The band is El Michels Affair, a near-one man band headed by New York-based (of course) Leon Michels and a bunch of highly talented musicians he gathers for the occasions. I say plural because it’s nowhere near his first time: the man has actually been going at it for years, including specifically working on Wu-Tang covers for a decade. It apparently all started when Michels and Raekwon performed together in 2007, which sparked two entire albums of Michels-produced covers of the hip hop outfit’s cult debut — Enter the Wu-Tang (36 chambers). Logically, that first cover album was called Enter the 37th Chamber. Perhaps equally logically, the second one was Return to the 37th Chamber, and it came out in 2017, a full 2 years before I got to discover it. The point is I did, though.

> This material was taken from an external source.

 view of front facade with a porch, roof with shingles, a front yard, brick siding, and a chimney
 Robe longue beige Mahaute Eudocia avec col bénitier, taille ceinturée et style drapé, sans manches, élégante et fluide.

The track that most caught my attention, even though it may not be the obvious one, is “Tearz”. The Wu-Tang “original”, based on the equally cult — we’re in all-around great music territory here — Wendy Rene-sung "After Laughter (Comes Tears)", is a massive hip hop track — and so is Rene’s incredibly soulful tune. Michels’ rendition is interestingly subdued: with the help of Soul great Lee Fields and The Shacks’ Shannon Wise, he managed to (re)create a mix of the 1964 song and the 1993 Wu-Tang beat, and then some stuff he added just for fun.

The result is a beautiful mash up of old and new, soft and strong, eerie and sharp sounds. Wise’s soft vocals take turns with the heavier Wu-Tang-inspired beat recreation, then back to a Wurlitzer-styled keyboard track that’s stuck somewhere between the 60’s and retro-produced 2010’s — let’s say 1979 — complete with Lee Fields’ smooth stylings, to finish off with resolutely 70’s sounding effects — also conceived circa 2017.

In short, listening to this will likely have you spend the next two hours of your life going back in (musical) time in either direction in search for the original gems that sparked this project. Time well spent, I’d say.